Content starts

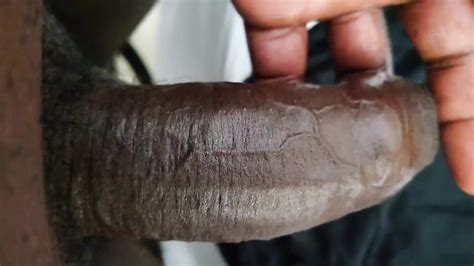 masturbare solo masturbare sperma de aproape  chiloti negri fetis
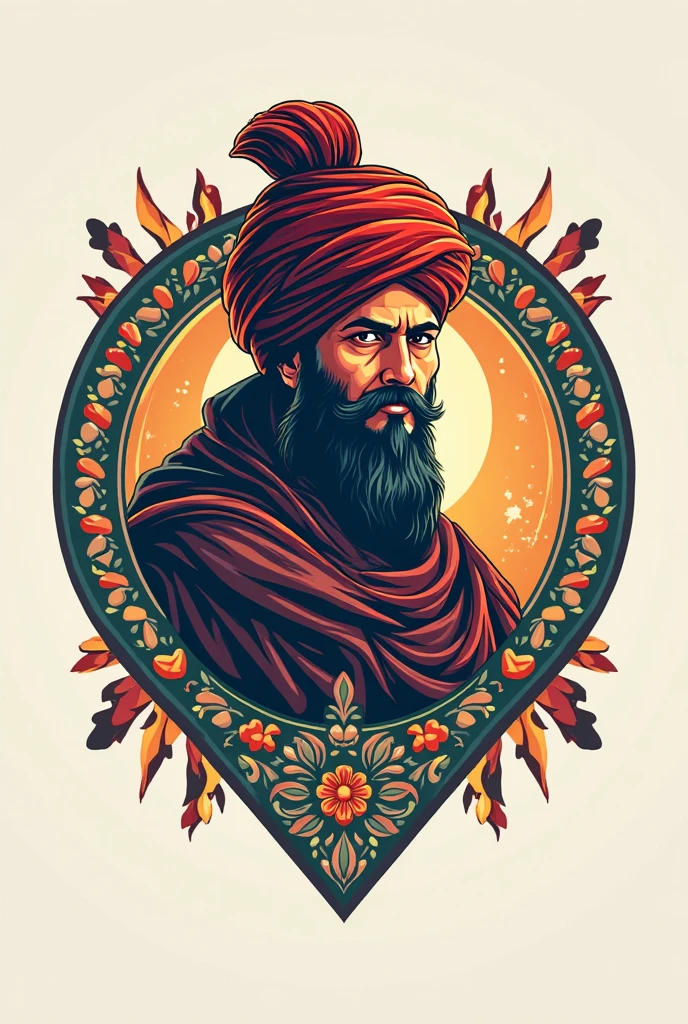 Exotic Barber Shop Logo
 
 
 
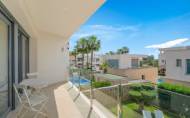 Revente - Villa -
Orihuela Costa - Costa Blanca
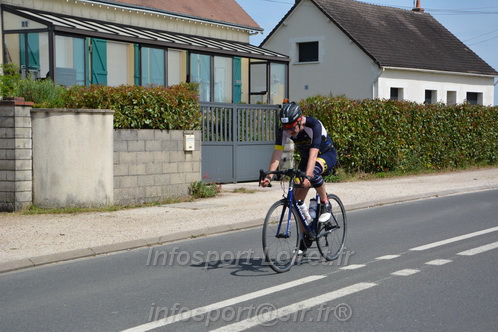 Vendome_2026_Triathlon_Samedi/2026TV_Samedi_12758.JPG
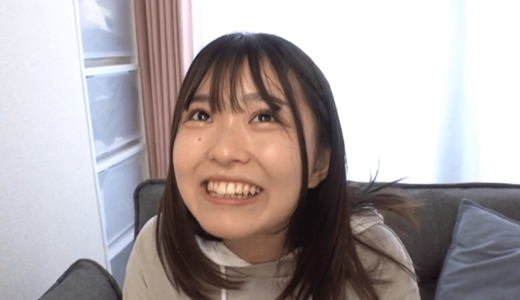 みさき
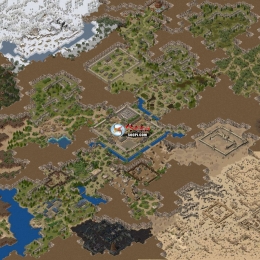 ţ˷-´½ϵʵͼ-130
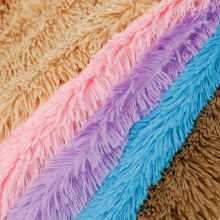 �F؛����40ëPV�q���n�q�����Lë�q���ϼҼ����؈�C���Cᘿ�����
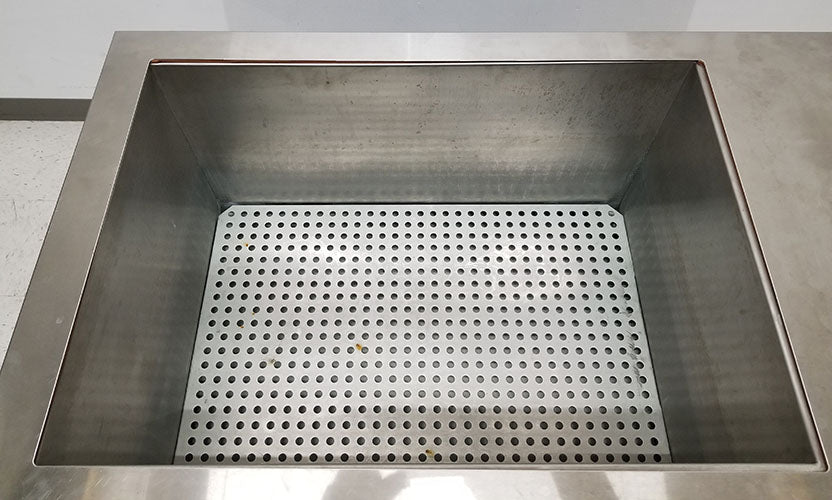 Used Polyscience 9805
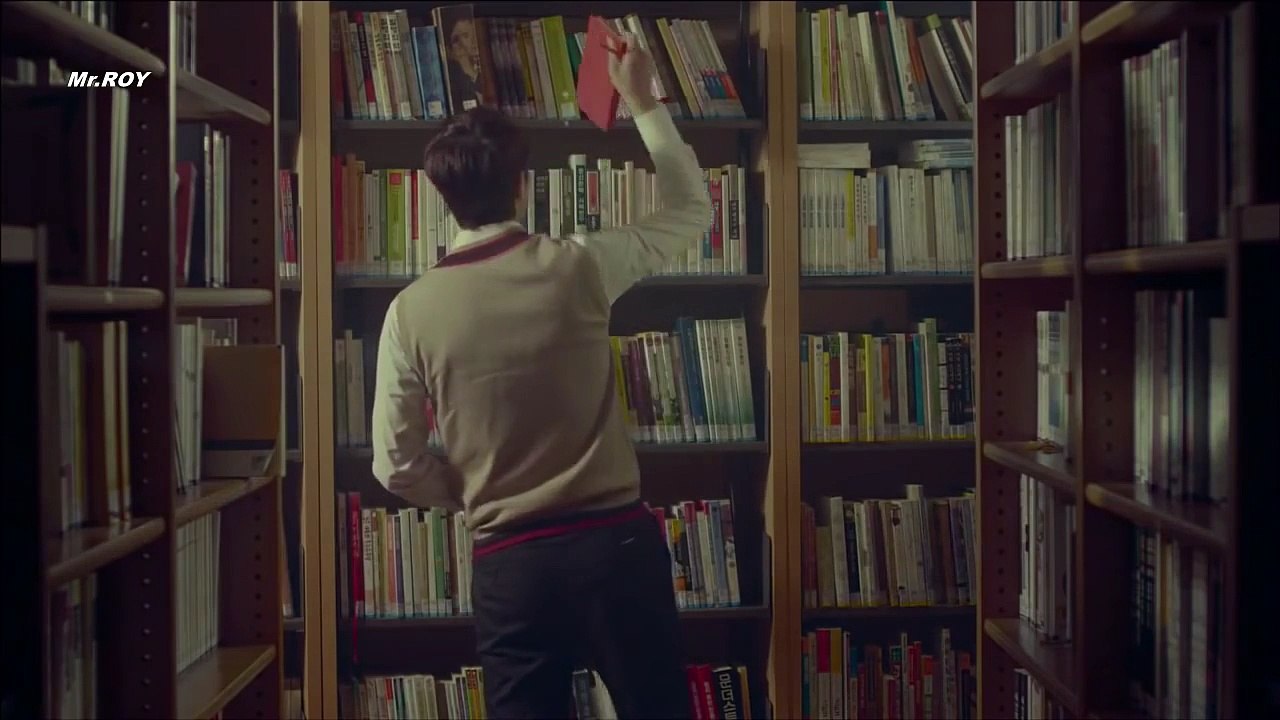 Hamdard Full Video ᴴᴰ Song Hd (Official video )-Ek Villain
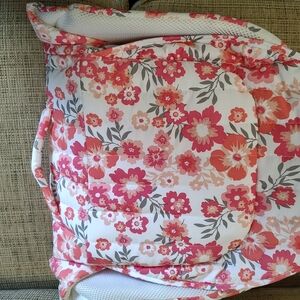 Baby Delight Snuggle Nest Harmony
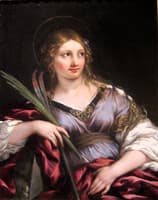 St Martina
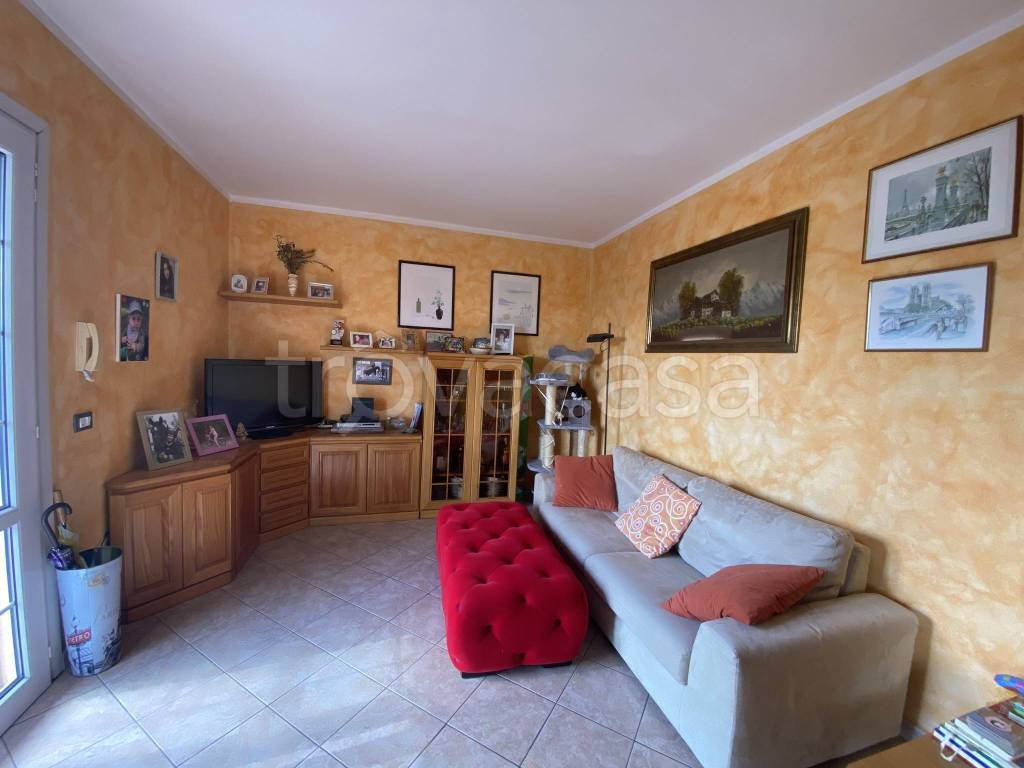 immagine annuncio 2 di 9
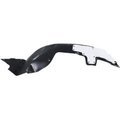 86812A7000 - : Fender Liner for Kia Image
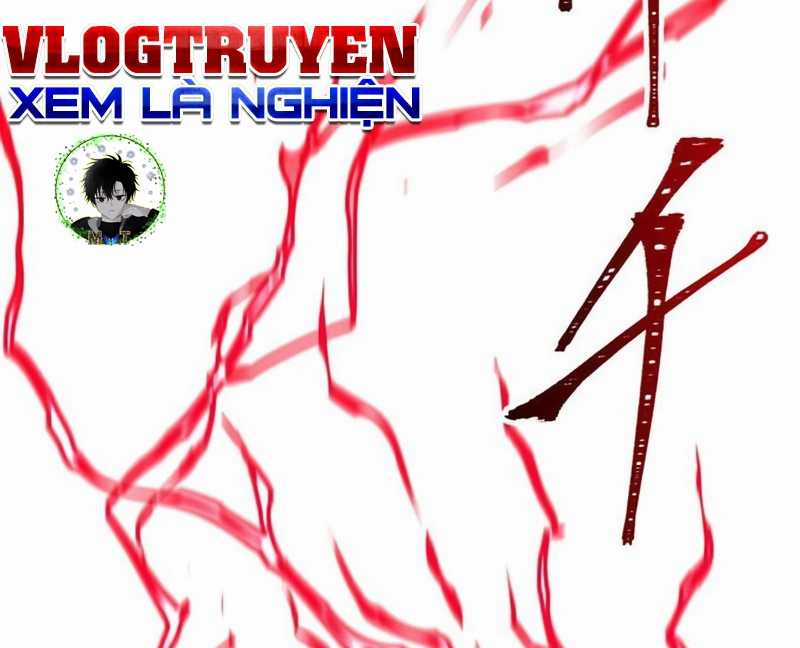 Huyết Thánh Cứu Thế Chủ~ Ta Chỉ Cần 0.0000001% Đã Trở Thành Vô Địch Chapter 78 trang 85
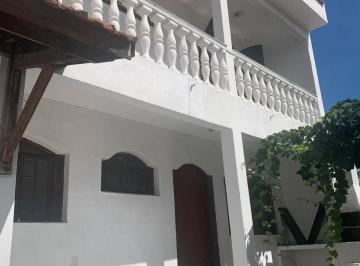 Casa · 200m² · 5 Quartos · 3 Vagas · Casa para locação, Chácara da Galega, Pindamonhangaba, SP
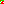 Destellos dst-10076370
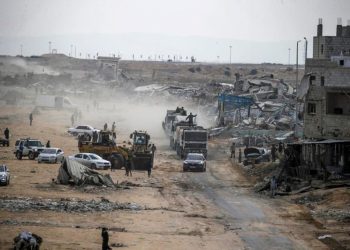 Hamás liberará el sábado a cuatro de las mujeres soldado cautivas en Gaza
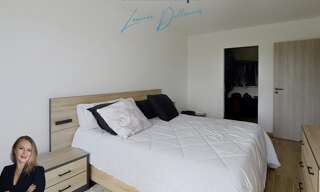 Maison 7 Pièces 150 m² à vendre à Nivelle (59230)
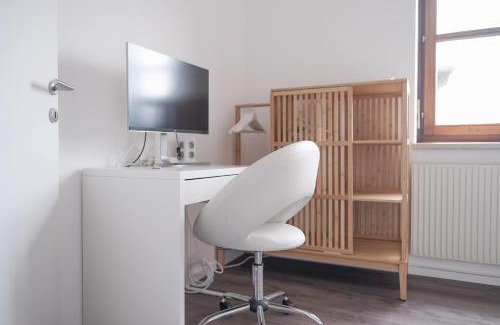Altmuenster Apartment | Lakeside Traunsee Apartment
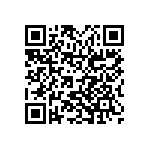 0805Y0250222JCR QRCode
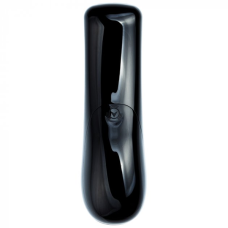 Пульт Air Mouse T2, 2.4G з гіроскопом, аеромиш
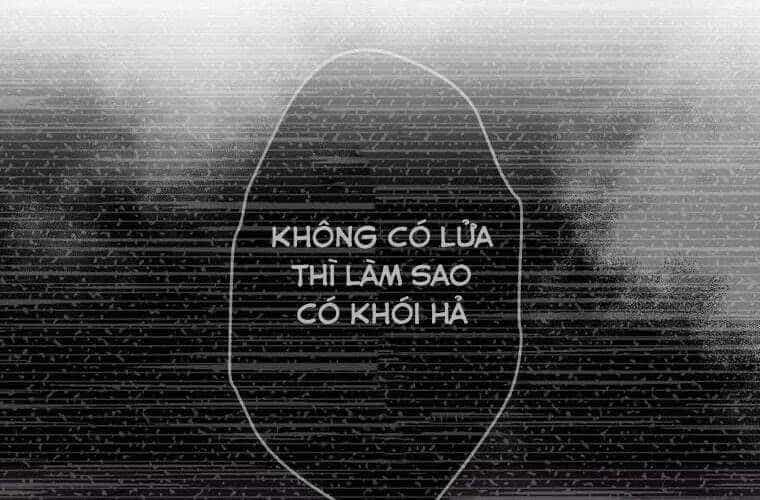 Giáo Viên Ác Quỷ Saiko - Chương 67 - ảnh 142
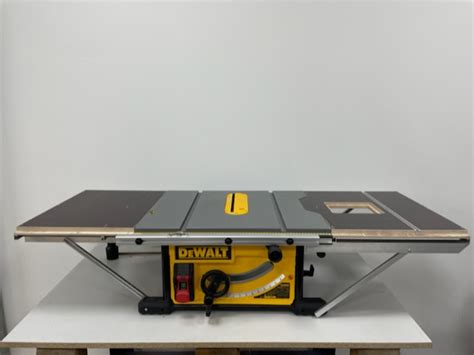 Fräsplatte FPR-GOF-SIB / Dewalt DWE 7492 für den OpenLift von ...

Content ends

* **WHAT YOU HAVE TO DO**
Only the lines from the one containing "Maison 7 Pièces" through the last line of the entries belong in the answer, given again exactly. Images stay out.

* **RESPONSE FOR THIS EXERCISE**
 Maison 7 Pièces 150 m² à vendre à Nivelle (59230)
Altmuenster Apartment | Lakeside Traunsee Apartment
 0805Y0250222JCR QRCode
 Пульт Air Mouse T2, 2.4G з гіроскопом, аеромиш
 Giáo Viên Ác Quỷ Saiko - Chương 67 - ảnh 142
 Fräsplatte FPR-GOF-SIB / Dewalt DWE 7492 für den OpenLift von ...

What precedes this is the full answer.